Very helpful. Couple of follow up questions if you don't mind.
In digikey they lumped "clock generators" with frequency synthesizers. Is there a difference for this purpose? For example, I need a 1.5MHz and 1.5 GHz reference. For 1.5 MHz there are chips for less than a dollar that input a crystal, have programmable outputs, have an incorporated PLL (Datasheet) are is specifically called a clock generator.
For the 1.5 GHz reference, there are a few chips out there which reference a crystal, internal PLL, ...etc.. but call themselves frequency synthesizers datasheet.
After looking at the data sheets, I dont see any real difference in terms of using either chip as stables references for much higher frequency VCOs. However, better to ask than to find out the hard way.
Thanks again for all the time and help,
Sami
This one is much more better for your 1.5GHz Reference.
https://www.analog.com/en/products/adf4360-4.html
Thank you so much! That chip is a much better option for what I need.
Another question if you dont mind, its more of a general question about PLLs. For my lab testing I am created a kind of PLL.
I am using a HP frequency synthesizer to create my 1.5 GHz reference, a balanced mixer as my phase detector, and a 10KHz low pass filter as the loop filter. The microcontroller samples the PLL output and adjusts the VCO accordingly.

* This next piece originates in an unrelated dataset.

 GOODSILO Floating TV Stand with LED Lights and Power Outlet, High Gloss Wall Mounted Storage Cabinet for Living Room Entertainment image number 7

Since I am using a balanced mixer as my phase detector, the filtered down converted spectrum contains the difference frequency between the ref and VCO output, usually a signal in the mHz to 10Hz range. That makes sense to me, and its how i maintain stability, by keeping that frequency as close to zero as possible.

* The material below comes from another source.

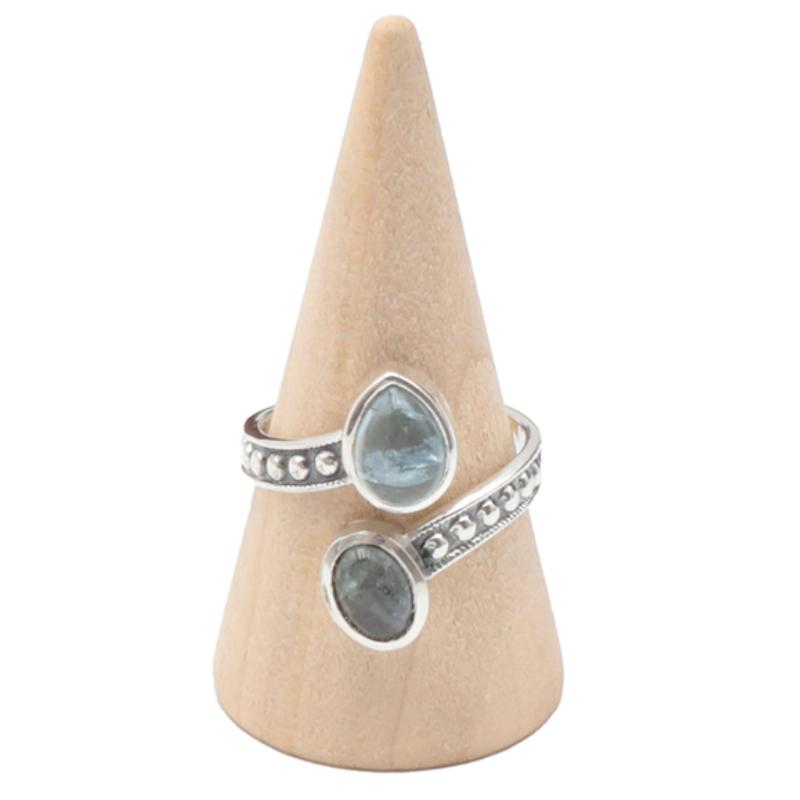 Bague Aigue - Marine Namibie AA argent 925 - La Boite à Cailloux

How do these chip sets perform their internal PLL? Do they too use a microcontroller or digital circuitry like the example above? Or is there a much more elegant analog solution to maintaining loop stability?
Bonus question:
If I am using a mixer topology like above, will I ever see a DC offset on the output? If my loop filter has a low enough cut off to attenuate (ref - VCO) I can't get my loop to work. But if i set the filter high enough to keep that mHz - 10 Hz signal, i can get my loop to stabilize. I will freely admit, user error here is very likely.
Thanks in advance,
Sami
you are not asking the right question. anyone can slap a junk signal source onto your board, and it will lock up. But what PHASE NOISE at the 23 GHz output does your system require? Because whatever clock phase noise you input at 1.5 GHz, will get multiplied to become at least by 20 LOG 16 worse at 23 GHz.
That's part of what we aim to figure out during bench top testing. Thankfully we aren't doing anything too fancy: Exciting two CW tones, 24 and 24.25 GHz and looking for the intermodulation product 24.05 GHz. Most of these clock generating chips boast phase noises <-100 dBc 1Mhz away from the carrier, so it seems having my two tones 25 MHz apart shouldn't cause too much of an issue? Then again, I'm fairly new to frequency generation, up till now I've gotten to rely on nice test measurement equipment.
Thanks,
Sami